The caravan is largely made up of Hondurans, Salvadorans and Guatemalans and includes both asylum-seekers and people traveling north for economic reasons, according to the United Nations’ refugee agency. There’s no evidence supporting the president’s claim that people from the Middle East are part of the caravan, as he acknowledged Tuesday.
Not everyone will try to get to the U.S.; some may stay in Mexico, while others may decide go back to their home countries or get deported from Mexico, as happened with past caravans. That’s the Trump administration’s clear preference. Officials have repeatedly called for legitimate asylum-seekers from Central America to stay in Mexico rather than continuing on to the U.S., in spite of potential dangers they could face in the neighboring country.
The Mexican government has registered about 1,700 asylum claims, mostly from women and minors. Nearly 500 Hondurans with the group already returned to their countries of origin, according to the Mexican government.
It’s not clear where those traveling to the U.S. are headed. The most direct route would land them in southern Texas, the area of the border that currently sees the most unauthorized crossings. But those traveling with the caravan have yet to announce their intentions and some speculate they might head toward California, like last year’s caravan, according to The Guardian.
Getting into the U.S.
For those who do try to make it to the U.S., their first option would be to go to a port of entry on the border to seek asylum ― a method that doesn’t involve crossing the border illegally. Trump administration officials have encouraged asylum-seekers to do just that, while simultaneously making it harder.

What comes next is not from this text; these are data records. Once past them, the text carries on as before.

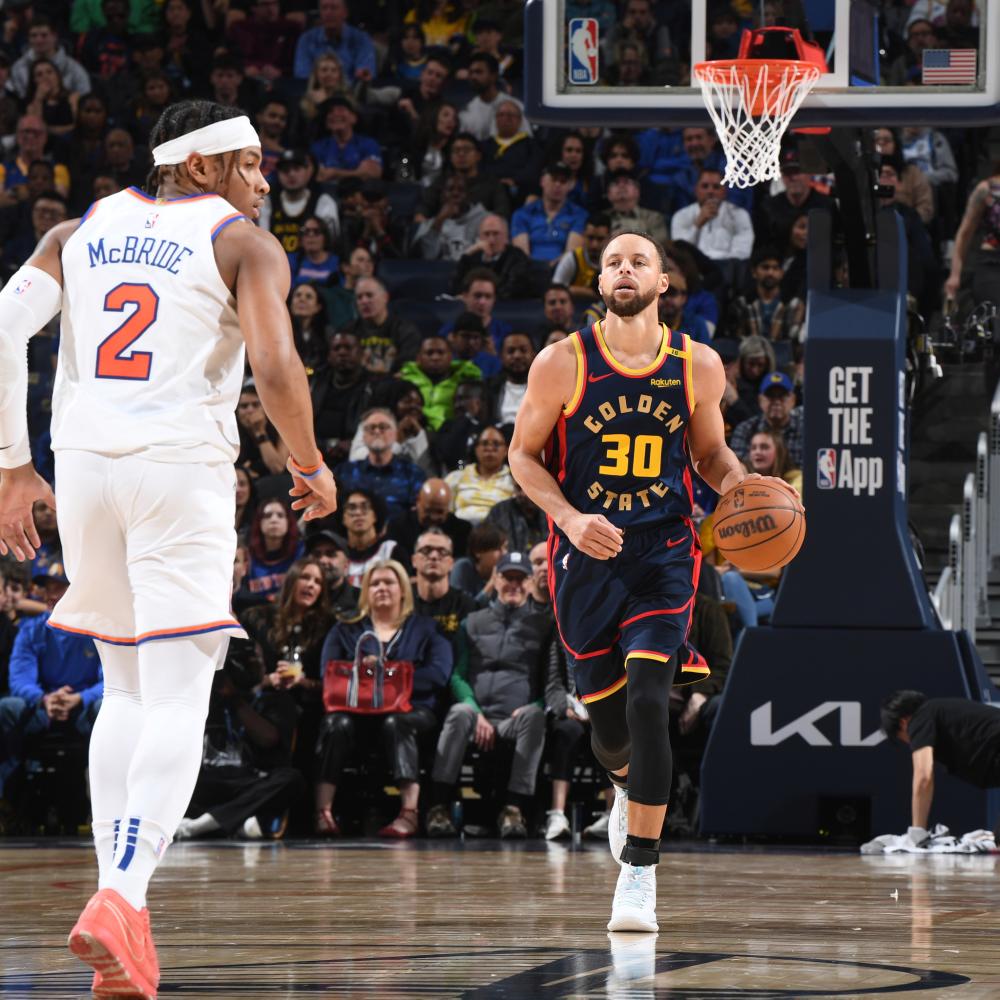 作为新赛季 作为新赛季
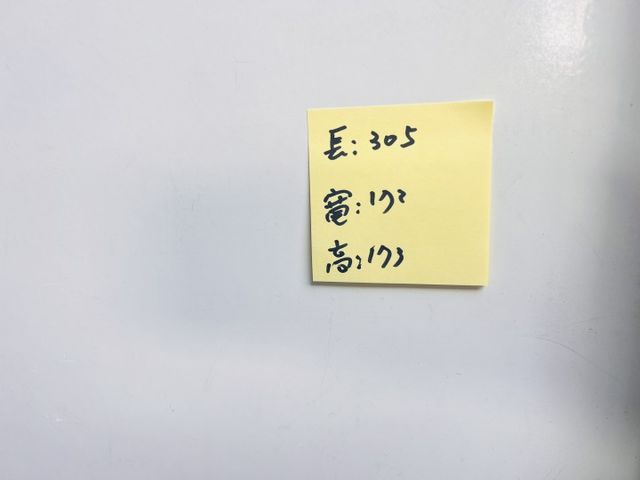 正2022小霸王手排僅跑10萬價格超優惠.....歡迎賞車  第7張相片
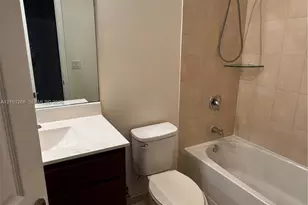 25308 SW 116th Ave, Homestead, FL 33032 - Photo 8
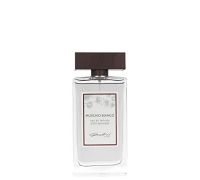 Muschio Bianco Eau De Toilette 100ml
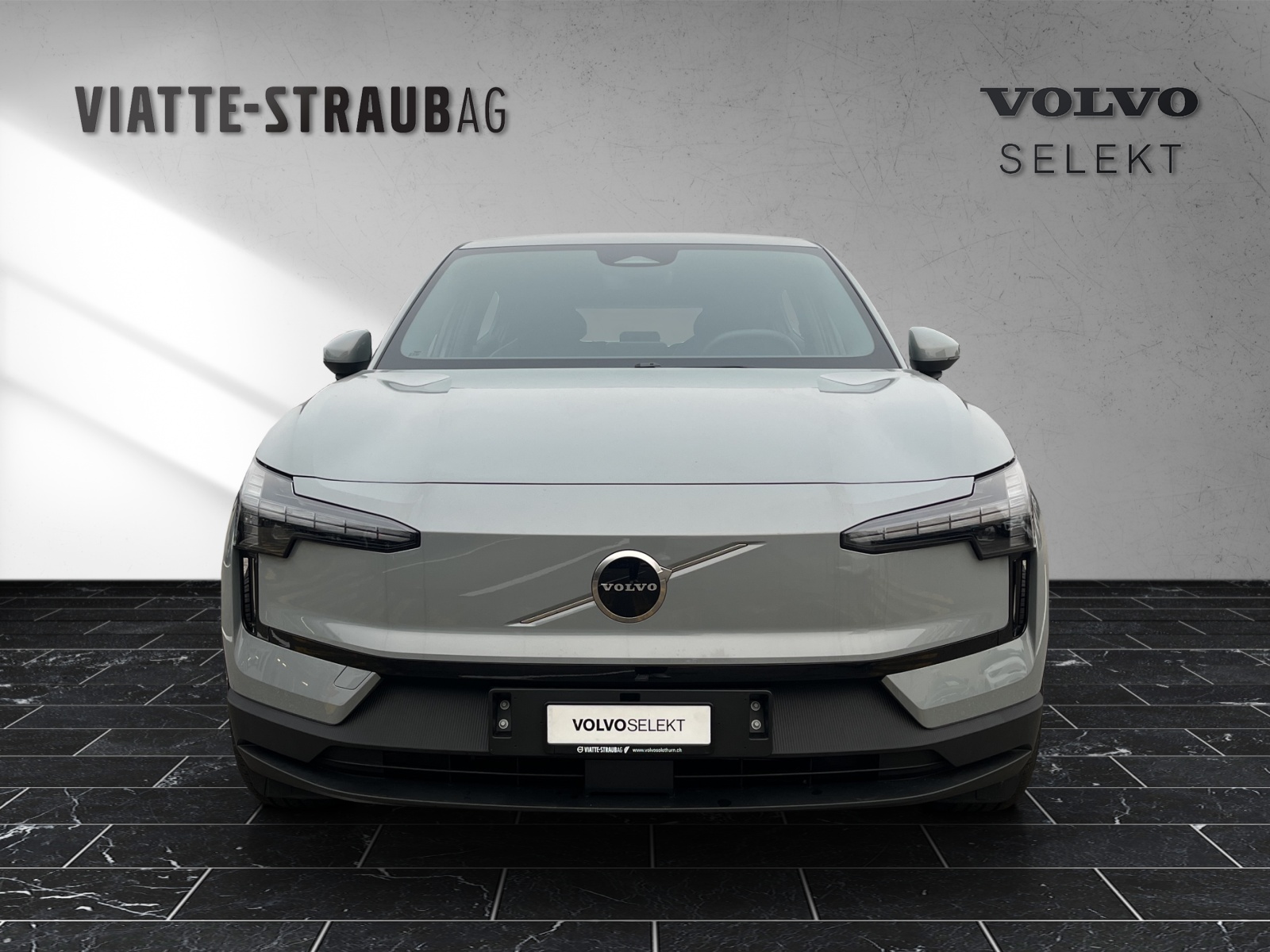 VOLVO EX30 E60 Core-image-7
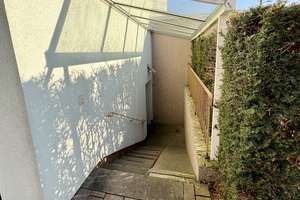 NÜRNBERG-ALTENFURT: TOP GEPFLEGTE 3-ZI-WOHNUNG MIT GROSSER LOGGIA UND EINBAUKÜCHE IM 2. OG OHNE LIFT – Die vollständige Adresse der Immobilie erhältst du vom Anbieter., 90475 Altenfurt Nord, Nürnberg – Vorschaubild 21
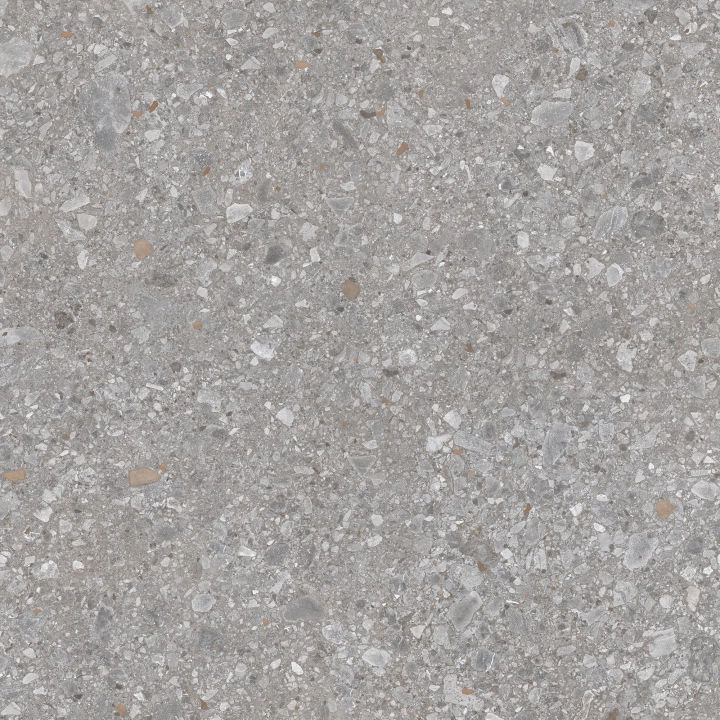 8a56e91f561df02c7821a6d976d14e3b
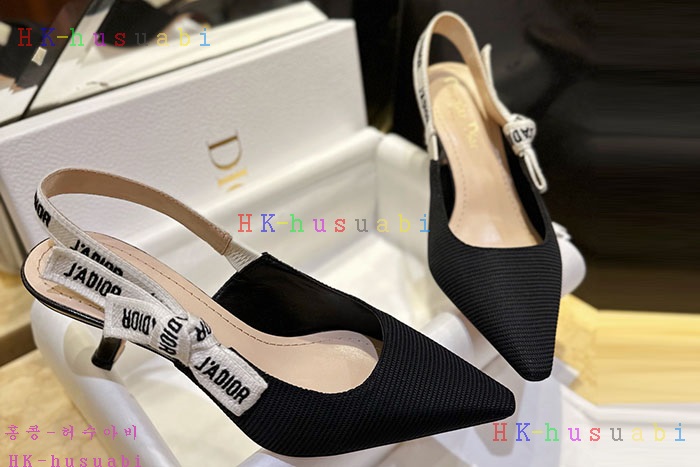 NEW ��� ������ ������ DR 5581110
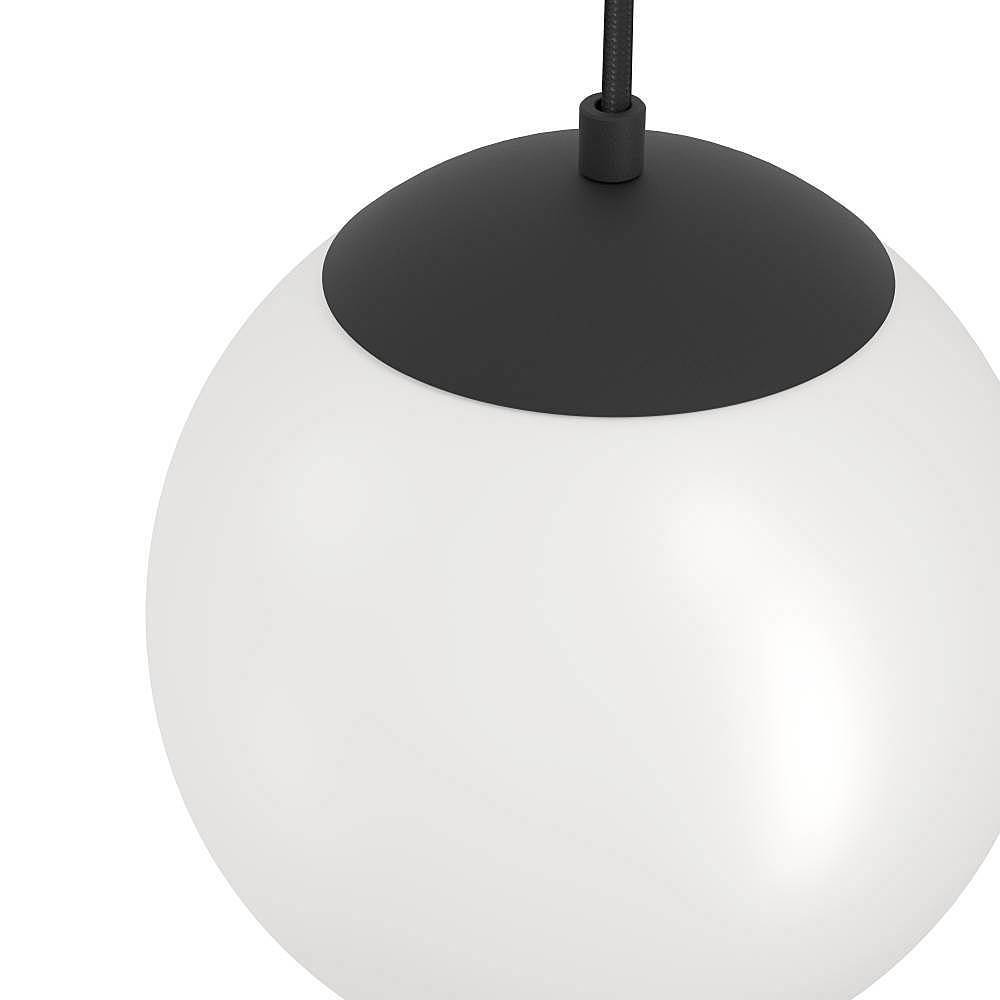 900977 Светильник подвесной Eglo Rondo 3 900977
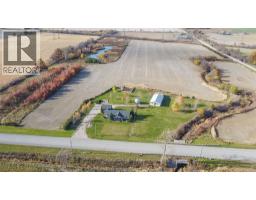 6233 Eighth Line, MLS 26003683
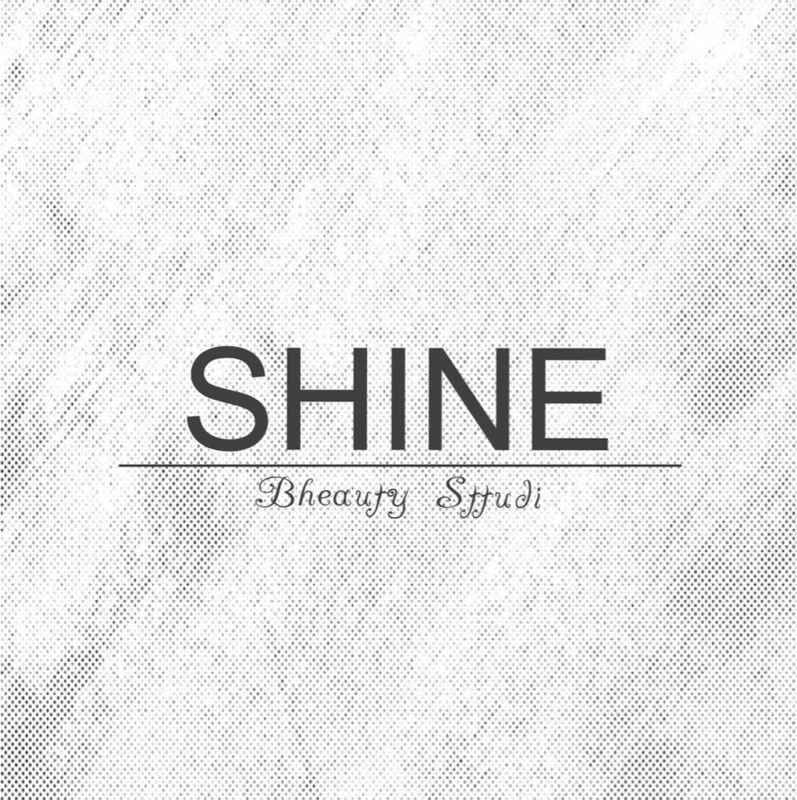Beauty Studio/SHINE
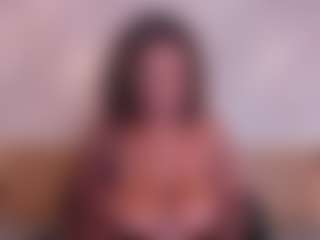 katty-rivera's Live Sex Cam Show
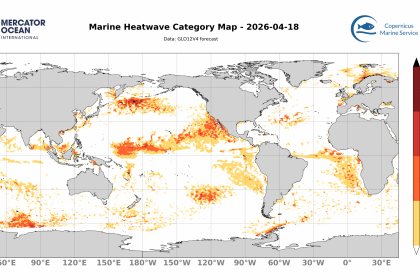 categ_global_GLO12V4_SST_0m_FCST_2026-04-18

The administration has increasingly used what it calls “metering” to limit the number of asylum-seekers it processes each day, sometimes with the cooperation of Mexican officials who block people from crossing over to ports of entry, according to human rights groups and attorneys.
U.S. officials claim it’s an issue of space ― they don’t have the capacity or time to admit the large number of people asking for help. Facilities weren’t designed to handle thousands of people per day, a senior administration official said Monday, adding that “lines are probably going to remain” at ports of entry.
The Department of Homeland Security declined to comment Wednesday on its plans for handling a potential increase in asylum-seekers at the border.
Some activists suspect it’s an intentional effort to keep asylum-seekers out, either by inflating capacity constraints or creating them by failing to invest in processing or quickly releasing people. Whatever the case, some suspect the added layer of bureaucracy at the border might encourage people to find another way in.
“This administration is really playing up metering,” Sarah Pierce, an analyst with the nonpartisan Migration Policy Institute, told HuffPost. “But the main thing about metering is that it incentivizes people to cross illegally.”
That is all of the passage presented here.